- [Your assignment]: Transcribe exactly the span of lines that begins the records and ends with the line holding "Novellini New Holiday", both boundary lines included.

- [Dataset records]:
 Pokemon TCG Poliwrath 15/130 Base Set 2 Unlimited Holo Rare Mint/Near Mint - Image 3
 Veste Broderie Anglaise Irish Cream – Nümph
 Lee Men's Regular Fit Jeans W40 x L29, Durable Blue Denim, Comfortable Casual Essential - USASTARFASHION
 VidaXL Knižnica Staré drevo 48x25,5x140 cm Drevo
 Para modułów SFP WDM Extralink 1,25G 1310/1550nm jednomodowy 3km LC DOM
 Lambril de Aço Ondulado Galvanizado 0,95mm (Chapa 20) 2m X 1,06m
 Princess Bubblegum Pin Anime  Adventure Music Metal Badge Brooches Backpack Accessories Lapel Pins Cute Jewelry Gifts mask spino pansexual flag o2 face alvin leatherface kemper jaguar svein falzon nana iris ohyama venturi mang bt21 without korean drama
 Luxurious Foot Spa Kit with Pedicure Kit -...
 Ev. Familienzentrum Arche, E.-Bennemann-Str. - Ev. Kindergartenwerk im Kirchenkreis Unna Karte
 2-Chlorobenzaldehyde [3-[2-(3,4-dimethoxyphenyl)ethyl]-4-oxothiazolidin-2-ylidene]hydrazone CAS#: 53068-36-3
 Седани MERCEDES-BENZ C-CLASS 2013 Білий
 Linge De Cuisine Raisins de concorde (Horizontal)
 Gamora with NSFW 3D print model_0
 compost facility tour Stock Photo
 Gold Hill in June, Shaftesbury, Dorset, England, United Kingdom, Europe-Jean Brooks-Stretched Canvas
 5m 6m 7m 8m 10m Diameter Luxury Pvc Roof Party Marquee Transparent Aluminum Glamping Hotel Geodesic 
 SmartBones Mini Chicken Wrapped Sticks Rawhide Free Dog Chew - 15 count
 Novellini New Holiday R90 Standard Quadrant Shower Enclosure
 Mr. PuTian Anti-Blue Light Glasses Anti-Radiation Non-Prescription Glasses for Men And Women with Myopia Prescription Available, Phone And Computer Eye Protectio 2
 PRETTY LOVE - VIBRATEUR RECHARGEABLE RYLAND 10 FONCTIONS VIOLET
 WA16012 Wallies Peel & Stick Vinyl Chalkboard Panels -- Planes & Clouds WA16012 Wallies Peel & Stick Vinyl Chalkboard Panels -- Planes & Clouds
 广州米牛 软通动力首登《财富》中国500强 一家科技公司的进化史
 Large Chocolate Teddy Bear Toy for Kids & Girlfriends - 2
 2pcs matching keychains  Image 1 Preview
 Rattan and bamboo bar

- [Problem solution]:
 Pokemon TCG Poliwrath 15/130 Base Set 2 Unlimited Holo Rare Mint/Near Mint - Image 3
 Veste Broderie Anglaise Irish Cream – Nümph
 Lee Men's Regular Fit Jeans W40 x L29, Durable Blue Denim, Comfortable Casual Essential - USASTARFASHION
 VidaXL Knižnica Staré drevo 48x25,5x140 cm Drevo
 Para modułów SFP WDM Extralink 1,25G 1310/1550nm jednomodowy 3km LC DOM
 Lambril de Aço Ondulado Galvanizado 0,95mm (Chapa 20) 2m X 1,06m
 Princess Bubblegum Pin Anime  Adventure Music Metal Badge Brooches Backpack Accessories Lapel Pins Cute Jewelry Gifts mask spino pansexual flag o2 face alvin leatherface kemper jaguar svein falzon nana iris ohyama venturi mang bt21 without korean drama
 Luxurious Foot Spa Kit with Pedicure Kit -...
 Ev. Familienzentrum Arche, E.-Bennemann-Str. - Ev. Kindergartenwerk im Kirchenkreis Unna Karte
 2-Chlorobenzaldehyde [3-[2-(3,4-dimethoxyphenyl)ethyl]-4-oxothiazolidin-2-ylidene]hydrazone CAS#: 53068-36-3
 Седани MERCEDES-BENZ C-CLASS 2013 Білий
 Linge De Cuisine Raisins de concorde (Horizontal)
 Gamora with NSFW 3D print model_0
 compost facility tour Stock Photo
 Gold Hill in June, Shaftesbury, Dorset, England, United Kingdom, Europe-Jean Brooks-Stretched Canvas
 5m 6m 7m 8m 10m Diameter Luxury Pvc Roof Party Marquee Transparent Aluminum Glamping Hotel Geodesic 
 SmartBones Mini Chicken Wrapped Sticks Rawhide Free Dog Chew - 15 count
 Novellini New Holiday R90 Standard Quadrant Shower Enclosure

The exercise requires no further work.